MacDailyNews Take: We found the 60 Minutes piece to be insipid and fawning. The most interesting thing was Rose’s ability to pronounce the word “secretive” in an entirely new way.

22 Comments

    1. MDN ability to snidely comment on something it knows nothing about – that would include anything having to do with engineering, supply chain management and production – appears to be bottomless.

      I suspect that the “800 people working on the camera” number includes, errr… a Fudge Factor, since it is resource allocation information that has value to competitors. But rather than suggest that, the folks at MDN – who have vast experience managing complex, global technology development, manufacturing and distribution processes (/s) – toss off an uninformed “take” that has about as much value as the daily opinions of Wall Street analysts.

      A more thoughtful response would decompose the claim this way: First, in all likelihood, the “800 people” are working on all Apple imaging devices – in iPhones, iPads, iMacs, MacBooks, etc. It also probably includes part-timers and contract professionals. Second, since Apple doesn’t go down to Fry’s and buy a camera module, all 200+ components (multiplied by the various camera versions) must be spec’d and designed, some by in-house engineers and some by people on the outside. These parts must then be sourced from all around the world, integrated and then manufactured. You don’t do this kind of stuff at the scale at which Apple operates (100s of millions of units a year – unimaginable to MDN) with a dozen people.

      The range of expertise this requires is vast. It isn’t just electronics. It includes optics – the process of creating finely polished glass lenses (five in an iPhone camera? plus the exterior one is coated in sapphire) and mounting them in a focusing structure considerably smaller than a fingertip is mind-boggling. It also includes sound (since the camera is a video recorder, too), which means the personnel list includes the folks doing microphones and other audio capability in the various devices.

      It also includes software. Because Apple has access to a near-desktop-powerful CPU, its image processing software is vastly more complex and sophisticated that the stuff that runs in your consumer DSLR. Whatever the size of the overall team, I’d be surprised if the coders weren’t at least 20% of the folks working on the cameras.

      And finally, it includes testing. Given the quality of iPhone photos and video, this is clearly something Apple takes seriously and there must be a lot of people involved in the product QC and improvement process.

      So, before you say to yourself “wow, MDN really nailed that one” I have a suggestion: Think.

      1. MacDailyNews gave a choice. You chose to ignore the first option and launch into a diatribe as if they’d only offered the second. That’s your problem, not MacDailynews’.

      2. I’ll take a different take on the “800” claim, because it lacks any really useful context.

        For example, how does 800 working on but one particular hardware subsystem compare to how many people are working on OS X development? On OS X Apps development?

        Reason for this question is because there’s not really any doubt that Apple has poured a ton of resources in making some really neat hardware – – – that’s Ive’s strength, afterall – – – but the real concern is what are they doing at the overall SYSTEM level.

        And system means not just hardware, but also software. If you go back to watch the 60 Minutes interview again, guess what you’ll not hear a single peep about.

        Ive is a hardware geek – – not a software geek. As such, the really important question isn’t how many people are helping him to fulfill his dream hardware … but just how many people have been allocated into working the area that’s his _weakness_?

    1. lol. iTunes used to be my favorite program. I never use it anymore, and actually I don’t know anyone anymore who uses it. I can only reiterate all of the most common criticisms.

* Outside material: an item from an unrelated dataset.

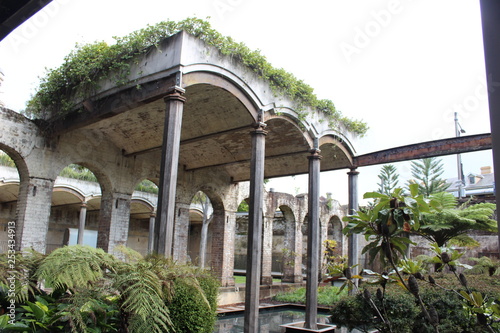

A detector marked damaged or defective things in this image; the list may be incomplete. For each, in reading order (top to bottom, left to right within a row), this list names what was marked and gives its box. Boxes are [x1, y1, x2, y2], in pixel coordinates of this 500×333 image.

corroded metal beam [354, 133, 490, 167] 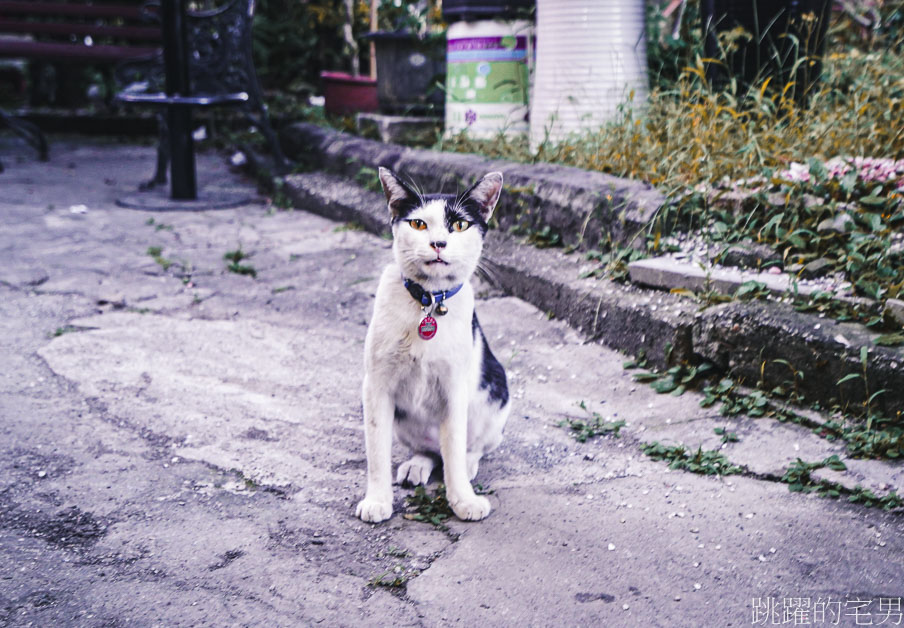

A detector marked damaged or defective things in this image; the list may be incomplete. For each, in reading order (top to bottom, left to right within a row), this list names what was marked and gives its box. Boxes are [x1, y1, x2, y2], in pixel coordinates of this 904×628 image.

cracked concrete pavement [0, 140, 900, 624]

    1. Throwing more money into any project and adding more people to any project will not always guarantee success. Without adequate leadership and communication inputting more cash and bodies is a symptom of failure not a demonstration of intelligence and rationality.

  1. I just LOVE how people who create NOTHING in the physical dimension, let alone something as complex as even the tiny camera in the iPhone (which complicates the heck out of the engineering needed to make the next one and the one following even better), can judge what is needed to make that happen. I doubt very much that Apple is bloating anything.

  2. Considering that the iPhone is the best selling camera in the world, this is reasonable.

    This 800 people come from many different disciplines (physics, optics, software, materials, manufacturing, supply chain, etc.), so the number is really not that large.